*** Provided records Section Begins ***
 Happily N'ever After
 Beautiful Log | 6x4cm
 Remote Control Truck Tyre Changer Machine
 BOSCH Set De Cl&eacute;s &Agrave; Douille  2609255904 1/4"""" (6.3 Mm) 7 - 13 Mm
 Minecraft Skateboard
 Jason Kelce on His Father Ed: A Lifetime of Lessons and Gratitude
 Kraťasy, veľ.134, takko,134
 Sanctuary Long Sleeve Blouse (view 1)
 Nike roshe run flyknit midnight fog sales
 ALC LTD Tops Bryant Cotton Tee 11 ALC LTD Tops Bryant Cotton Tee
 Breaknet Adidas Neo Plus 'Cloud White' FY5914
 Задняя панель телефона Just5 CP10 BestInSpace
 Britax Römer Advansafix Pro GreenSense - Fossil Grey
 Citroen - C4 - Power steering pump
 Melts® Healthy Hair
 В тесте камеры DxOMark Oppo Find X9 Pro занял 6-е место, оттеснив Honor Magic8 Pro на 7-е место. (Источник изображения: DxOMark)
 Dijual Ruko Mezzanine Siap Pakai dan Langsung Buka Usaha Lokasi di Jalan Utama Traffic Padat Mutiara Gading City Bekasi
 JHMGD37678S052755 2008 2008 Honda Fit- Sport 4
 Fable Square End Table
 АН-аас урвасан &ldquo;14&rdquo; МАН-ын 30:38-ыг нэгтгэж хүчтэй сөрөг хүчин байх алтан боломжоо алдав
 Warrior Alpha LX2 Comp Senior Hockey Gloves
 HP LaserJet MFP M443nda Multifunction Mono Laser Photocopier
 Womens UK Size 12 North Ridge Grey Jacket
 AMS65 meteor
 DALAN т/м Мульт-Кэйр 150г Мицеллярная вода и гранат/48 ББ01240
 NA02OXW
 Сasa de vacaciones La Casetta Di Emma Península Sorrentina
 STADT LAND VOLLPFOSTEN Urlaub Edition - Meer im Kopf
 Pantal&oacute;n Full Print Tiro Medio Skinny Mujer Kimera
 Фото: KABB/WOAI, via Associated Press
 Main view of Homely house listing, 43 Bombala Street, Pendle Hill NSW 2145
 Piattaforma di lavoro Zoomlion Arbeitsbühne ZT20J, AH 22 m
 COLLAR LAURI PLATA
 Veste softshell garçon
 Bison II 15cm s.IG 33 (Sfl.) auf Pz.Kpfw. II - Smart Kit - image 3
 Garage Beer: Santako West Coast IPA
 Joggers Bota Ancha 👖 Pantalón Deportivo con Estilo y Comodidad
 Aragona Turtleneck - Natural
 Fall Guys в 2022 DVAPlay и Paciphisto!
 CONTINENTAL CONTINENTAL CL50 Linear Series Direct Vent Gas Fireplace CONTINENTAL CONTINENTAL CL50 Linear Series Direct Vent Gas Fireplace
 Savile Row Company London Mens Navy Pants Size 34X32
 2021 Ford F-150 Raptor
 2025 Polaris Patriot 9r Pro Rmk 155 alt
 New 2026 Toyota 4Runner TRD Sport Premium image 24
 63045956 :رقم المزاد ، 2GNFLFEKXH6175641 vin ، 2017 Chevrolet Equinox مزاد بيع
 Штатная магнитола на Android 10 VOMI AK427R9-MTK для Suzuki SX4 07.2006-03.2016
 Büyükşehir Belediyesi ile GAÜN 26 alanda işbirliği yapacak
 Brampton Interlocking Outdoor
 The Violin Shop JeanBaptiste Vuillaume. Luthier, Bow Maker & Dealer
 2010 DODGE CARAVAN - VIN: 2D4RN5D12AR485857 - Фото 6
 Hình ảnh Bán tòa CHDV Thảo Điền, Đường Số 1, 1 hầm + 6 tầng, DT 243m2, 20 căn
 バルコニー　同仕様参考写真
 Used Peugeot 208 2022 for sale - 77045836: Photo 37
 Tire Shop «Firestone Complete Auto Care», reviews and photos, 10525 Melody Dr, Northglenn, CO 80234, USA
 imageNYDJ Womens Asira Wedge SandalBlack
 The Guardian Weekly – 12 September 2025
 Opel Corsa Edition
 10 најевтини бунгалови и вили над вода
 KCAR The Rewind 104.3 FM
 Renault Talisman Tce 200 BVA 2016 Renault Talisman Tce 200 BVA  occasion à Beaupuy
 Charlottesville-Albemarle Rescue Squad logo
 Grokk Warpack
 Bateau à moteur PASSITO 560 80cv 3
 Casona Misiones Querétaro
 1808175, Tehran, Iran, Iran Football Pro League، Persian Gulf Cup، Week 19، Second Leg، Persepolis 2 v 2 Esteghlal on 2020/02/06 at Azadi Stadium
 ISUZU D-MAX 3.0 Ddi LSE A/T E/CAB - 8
*** Provided records Section Ends ***
__Exercise__
Copy out, in full, each line above that has the word "Edition" in it.

__Response to the task__
 STADT LAND VOLLPFOSTEN Urlaub Edition - Meer im Kopf
 Opel Corsa Edition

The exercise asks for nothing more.